▶ [INSTRUCTIONS TO FOLLOW] Under this line are the records; write out word for word the part that begins at the line containing "HB880R Outdoor Timer" and ends at the line containing "Victorian 15CT Gold", and no more.

- Opening Delimiter -

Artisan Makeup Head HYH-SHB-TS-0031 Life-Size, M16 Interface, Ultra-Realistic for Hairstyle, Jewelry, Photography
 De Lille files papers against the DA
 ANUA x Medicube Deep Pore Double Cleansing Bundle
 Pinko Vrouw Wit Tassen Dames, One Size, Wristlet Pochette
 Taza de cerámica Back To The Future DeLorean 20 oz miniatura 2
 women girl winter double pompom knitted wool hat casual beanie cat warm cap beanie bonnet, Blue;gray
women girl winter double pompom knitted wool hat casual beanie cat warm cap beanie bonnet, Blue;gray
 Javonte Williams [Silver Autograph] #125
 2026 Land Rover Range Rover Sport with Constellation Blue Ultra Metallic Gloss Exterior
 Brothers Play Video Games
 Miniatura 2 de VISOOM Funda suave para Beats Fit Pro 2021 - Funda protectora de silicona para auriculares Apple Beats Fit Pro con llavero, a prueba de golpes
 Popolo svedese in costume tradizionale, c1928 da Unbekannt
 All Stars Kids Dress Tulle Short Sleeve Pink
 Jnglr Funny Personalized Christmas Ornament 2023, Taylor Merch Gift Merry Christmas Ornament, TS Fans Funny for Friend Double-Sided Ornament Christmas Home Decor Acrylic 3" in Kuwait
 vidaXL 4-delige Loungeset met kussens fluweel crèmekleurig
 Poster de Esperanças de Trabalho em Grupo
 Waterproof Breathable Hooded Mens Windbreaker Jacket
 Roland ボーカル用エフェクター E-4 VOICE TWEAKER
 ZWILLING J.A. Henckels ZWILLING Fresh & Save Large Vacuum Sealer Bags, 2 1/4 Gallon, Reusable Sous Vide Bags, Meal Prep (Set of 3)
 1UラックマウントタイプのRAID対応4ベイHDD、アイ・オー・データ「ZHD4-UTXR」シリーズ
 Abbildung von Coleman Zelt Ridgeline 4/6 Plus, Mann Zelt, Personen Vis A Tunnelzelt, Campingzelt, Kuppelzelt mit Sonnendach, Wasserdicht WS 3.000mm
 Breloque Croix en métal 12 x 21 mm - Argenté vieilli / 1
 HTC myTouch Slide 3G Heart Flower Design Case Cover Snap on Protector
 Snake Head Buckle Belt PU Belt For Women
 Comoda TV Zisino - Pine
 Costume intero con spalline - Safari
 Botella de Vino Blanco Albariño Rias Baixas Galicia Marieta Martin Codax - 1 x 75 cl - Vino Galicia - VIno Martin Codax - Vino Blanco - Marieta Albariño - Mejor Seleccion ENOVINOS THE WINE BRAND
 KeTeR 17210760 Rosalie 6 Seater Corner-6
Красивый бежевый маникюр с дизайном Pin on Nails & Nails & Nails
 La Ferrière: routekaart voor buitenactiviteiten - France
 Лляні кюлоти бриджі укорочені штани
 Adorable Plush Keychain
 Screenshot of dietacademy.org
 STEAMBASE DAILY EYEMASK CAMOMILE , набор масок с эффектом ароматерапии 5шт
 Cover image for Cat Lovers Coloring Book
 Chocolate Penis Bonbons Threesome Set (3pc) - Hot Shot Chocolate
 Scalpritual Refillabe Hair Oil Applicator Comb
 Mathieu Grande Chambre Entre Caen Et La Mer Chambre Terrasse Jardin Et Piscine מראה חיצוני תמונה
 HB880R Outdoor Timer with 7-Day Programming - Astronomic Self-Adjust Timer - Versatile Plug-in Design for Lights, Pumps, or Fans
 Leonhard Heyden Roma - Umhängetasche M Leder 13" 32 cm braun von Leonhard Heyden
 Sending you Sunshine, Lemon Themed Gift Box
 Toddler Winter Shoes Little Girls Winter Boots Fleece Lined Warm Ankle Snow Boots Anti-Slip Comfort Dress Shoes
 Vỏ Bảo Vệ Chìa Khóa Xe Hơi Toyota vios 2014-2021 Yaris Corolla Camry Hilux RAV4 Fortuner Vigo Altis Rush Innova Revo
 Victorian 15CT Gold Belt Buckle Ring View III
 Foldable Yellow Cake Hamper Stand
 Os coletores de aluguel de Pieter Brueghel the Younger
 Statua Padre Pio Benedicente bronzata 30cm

- Closing Delimiter -

▶ [ANSWER FOR THE TASK]
 HB880R Outdoor Timer with 7-Day Programming - Astronomic Self-Adjust Timer - Versatile Plug-in Design for Lights, Pumps, or Fans
 Leonhard Heyden Roma - Umhängetasche M Leder 13" 32 cm braun von Leonhard Heyden
 Sending you Sunshine, Lemon Themed Gift Box
 Toddler Winter Shoes Little Girls Winter Boots Fleece Lined Warm Ankle Snow Boots Anti-Slip Comfort Dress Shoes
 Vỏ Bảo Vệ Chìa Khóa Xe Hơi Toyota vios 2014-2021 Yaris Corolla Camry Hilux RAV4 Fortuner Vigo Altis Rush Innova Revo
 Victorian 15CT Gold Belt Buckle Ring View III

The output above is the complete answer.